The home of Belgian football is Melle, near Ghent. In 1863, an Irish boarding school student, Cyril Bernard Morrogh, came home for the holidays with a football among his possessions. Former students of the college would later be involved with founding many other football clubs and the Belgian football association. People have been playing football in Ghent at the Foot-Ball Club de Gand ever since 1879. In 1895, the AAG was the only club not from Brussels to attend the first meeting of the Union Belge des Sociétés des Sports Athlétiques (the Belgian Union of Athletic Sports), the predecessor of the Belgian football association. In 1899 the Racing Club de Gand (currently the Koninklijke Racing Club Gent-Zeehaven (Royal Racing Club of Ghent-Zeehaven)) was created from a merger between three older Ghent football clubs.
At La Gantoise, football was played every now and again before 1900 on Sint-Denijs Square in Sint-Denijs Westrem or the central area of the former velodrome at Godshuizenlaan. Starting in November 1900, the AAG played football on a vacant lot located in between what is now Kortrijksesteenweg, Clementinalaan, Oostendestraat and Astridlaan: Carpentier Square. Although the colours of the multi-sports association were blue and white starting in 1880, La Gantoise played its first competitions in black and white: the colours of the city of Ghent. The football department did not adopt the club colours, blue and white, until August 1902.

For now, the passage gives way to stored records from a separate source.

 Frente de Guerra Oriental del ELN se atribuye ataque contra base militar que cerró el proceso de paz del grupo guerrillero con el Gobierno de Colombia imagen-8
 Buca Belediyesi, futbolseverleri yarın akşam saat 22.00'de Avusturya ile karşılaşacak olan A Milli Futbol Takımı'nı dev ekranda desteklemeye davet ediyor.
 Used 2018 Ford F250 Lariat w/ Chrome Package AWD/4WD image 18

Because Carpentier Square was a public space, and anyone could cross the square during a football match, the association soon started to look for another field. The new home base became a site behind the Sint-Pieter railway station, in Musschenstraat (now Achilles Musschestraat). The association relocated in 1904. In 1906, the AAG built its first set of stands, which seated 500-600 people.

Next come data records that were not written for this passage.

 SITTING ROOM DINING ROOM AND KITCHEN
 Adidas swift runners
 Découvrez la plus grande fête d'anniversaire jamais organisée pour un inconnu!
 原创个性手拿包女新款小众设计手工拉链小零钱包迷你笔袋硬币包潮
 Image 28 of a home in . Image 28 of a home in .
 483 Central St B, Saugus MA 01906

BUFFALO KAA Gent is often referred to by its second name: The Buffalos. At every match, you will hear the entire audience chant ‘Buffalo! Buffalo! KAA Gent!’ from the stands. This has been a tradition ever since the 1920s. The cheer originated in 1895, when the famed American Barnum & Bailey Circus featuring William Cody, aka Buffalo Bill, first visited the city of Ghent. During the show, the audience was encouraged to shout the words ‘Buffalo! Buffalo!’ A group of students in Ghent introduced the yell into student life, even welcoming King Albert to the University of Ghent by cheering ‘Buffalo! Buffalo!’ in 1913. During the 1920 Olympic games in Antwerp, the Belgian athlete Omar Smet, who was a member of the KAA Gent athletic department, responded to the rhythmical cheering of the American delegation with the student yell ‘Buffalo! Buffalo!’. Together with him, KAA Gent was subsequently given its alias: ‘The Buffalos’. The association used this name for the first time in the 1921 edition of its journal, and the head of an Indian chieftain first appeared on the supporters’ flag of the KAA Gent football club in 1924. The considerable amount of time that passed between Buffalo Bill’s visit in 1895 and the use of the ‘Buffalo!’ cheer within athletic context may explain why Buffalo Bill the cowboy became an Indian chief in 1924.

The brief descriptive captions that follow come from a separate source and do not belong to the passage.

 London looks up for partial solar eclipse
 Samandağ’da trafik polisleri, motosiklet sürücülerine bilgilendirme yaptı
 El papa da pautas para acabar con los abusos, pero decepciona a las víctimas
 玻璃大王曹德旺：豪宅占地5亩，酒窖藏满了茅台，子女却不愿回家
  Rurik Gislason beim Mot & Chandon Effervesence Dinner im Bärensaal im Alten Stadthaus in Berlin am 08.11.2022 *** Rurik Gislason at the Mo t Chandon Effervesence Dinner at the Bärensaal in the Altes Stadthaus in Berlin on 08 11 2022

The site on Musschenstraat had to make place for the offices of the Ghent world’s fair in 1913. In May 1911, the AAG moved to a new site on Albertlaan, where the stands originally built in 1906 were rebuilt and expanded.
La Gantoise became the champion in the Second Division in 1912-13 and played its début match against Standard de Liège on 7 September 1913. The first supporters’ club was founded at that point in time: Les Amis de l’AAG.
During the First World War, not a single football match was organised between August 1914 and August 1919. Of the association’s 800 members, 300 left for the front. 29 members never returned. During the war, ARAG lost its stands at the Albertlaan site. A fire broke out in the changing rooms on Thursday, 9 december 1915, causing the entire wooden structure to burn down in only 45 minutes.
After the First World War, the sports facilities on Albertlaan were expropriated. La Gantoise immediately found a new location in Gentbrugge. The new stadium was named after Jules Otten, secretary-treasurer of the club since 1895. It was officially opened in the presence of Crown Prince Leopold on Sunday 22 August 1920.
The club’s star player at that time was Gustaaf Boesman (1899-1971). He was the first Buffalo to be selected for the Belgian national team, the Red Devils. Between 1926 and 1929 he participated in 17 international and three Olympic games.
The competition was given a new formula during the 1923-1924 football season. The three last teams in the Honorary Division were relegated to the Second Division or ‘Promotion’, where 24 clubs were divided into two groups. The ARAG came in 13th in the 1928-1929 season and relegation to the Second Division had become a fact.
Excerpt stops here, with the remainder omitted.